Smoothing the sheets, fluffing the pillow, turning down the
comforter. Give us this day our daily
bread. Give me this day what I
need. What did I need?
Stability. Comfort. Peace.
I don’t make my bed much anymore, except sheet washing
days. I married a man who stays in bed.
Longer than I do. Always. So, he makes
the bed. Every day. Without fail.
We have never had a conversation about this. I don’t know what the rule was in his house
as a kid. It was a house full of boys,
so I could assume they had no such rule, but his dad was in the military so
maybe they did have that rule. My dad
was in the military too.
My husband has been in the military for over 20 years
so perhaps that is why he make the bed.
He is a creature of habit and a lot of the ways he handles things are
inspired by those times when he has to be away for months at a time on
deployments. Like the way he folds his
socks or the way he packs for a trip.
Maybe he makes the bed to be helpful.
I know there is something about seeing the bed made
that gives me comfort. Makes me feel
loved somehow. That even in the hardest
seasons of our lives, he makes the bed.
And somehow that act nudges me to see love in it.
This is where I went wrong.
I admire you so much that you look for the jobs that
interest you. I said this to my daughter
in law one time and I truly meant these words.
She worked as a baker’s assistant because she loved baking.
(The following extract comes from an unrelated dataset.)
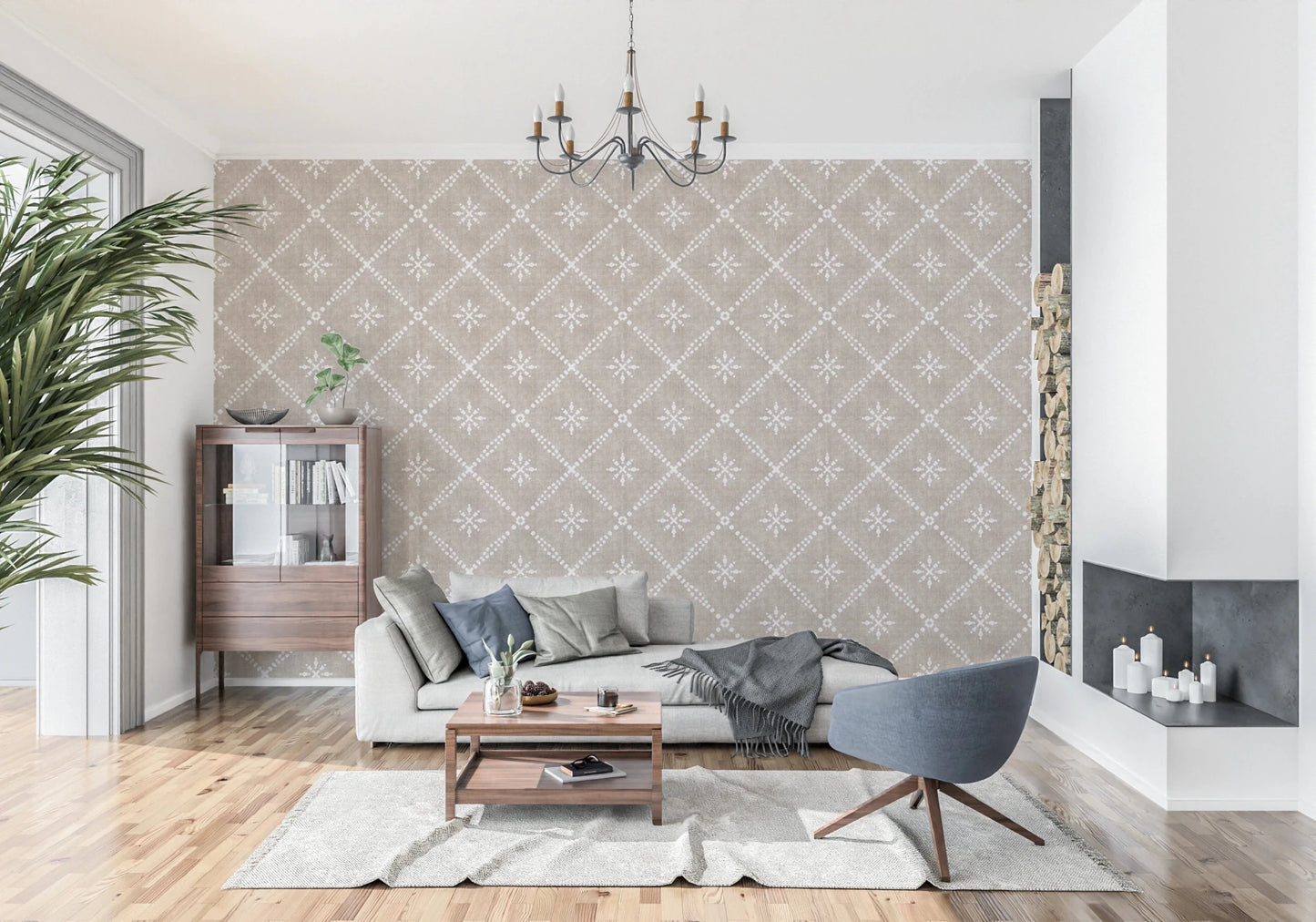 Boho Dotted Lattice Grunge Earthy Beige Wallpaper⁠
She worked at the kennels because she loved
animals. I thought this was so
sweet. A bit naive. Dare I say lucky, I mean I haven’t really
worked at jobs that I hated. Other than
a collections agent but it was kind of a bait and switch situation and I needed
the money, so I stuck it out for 119 days.
Yes, I counted the days. In 10-minute breaks and 30-minute lunch
breaks.
Right now, I am taking classes to become a
paralegal. It feels a bit scandalous.
And indulgent. 50 years old and learning
yet another skill. I have a certification as a life coach, a Montessori teacher
and degrees in business and theology. Yes,
I like to learn but not this much and certainly not with this price tag.
I have looked at this paralegal certification a few
times. I am interested in law. I have been all my life. I don’t remember much about my childhood, but
I remember when I was 8 years old I had one of those little fortune teller
paper games. And I remember one day
choosing the perfect life: 25 years old, driving a jeep, a lawyer in Colorado,
married with 2 kids.
I started the paralegal certification about 2 weeks
ago now. But I am kind of keeping it a
secret. Again, with school, Robin? But the thing is as I am learning all the
legal terminology, it all feels so familiar to me. And memories are starting to come back to me. Like one of my first jobs was at a law firm
as a file clerk. And I got promoted to
legal bookkeeper. But then I got
pregnant with my first child and I needed to make more money. So, I waited,
hoping for a raise. 18 months in and
still no raise. The office manager said
there was a freeze on wages. So, I
started to look for another job. And I
became practical. I now have been
trained in accounting. So, I started
doing accounting jobs. Then I was promoted to supervisor. So, I started taking
on roles as managers.
I got a glimpse of my path again about 20 years
later. While I was at the collections
job, I had plenty of time to think. So,
I looked on Craig’s list and found a job for a law assistant. I applied all
starry eyed and felt the winds of change.
Until the manager reconfigured the position to tax assistant instead of
the promised role of legal assistant.
And then my oldest suddenly got married.
And then my dad suddenly died.
And I was kind of paralyzed. So,
I quit that job and began hobbling something new together. Art. Teaching.
Another wrong turn? Who’s to say.
I don’t know what this next step will look like. I am not assuming the answer is paralegal
because the world is such a different place and this step can mean so many
things. But that talk I had with my daughter in law rings in my head that there
is nothing wrong with doing something you like to do.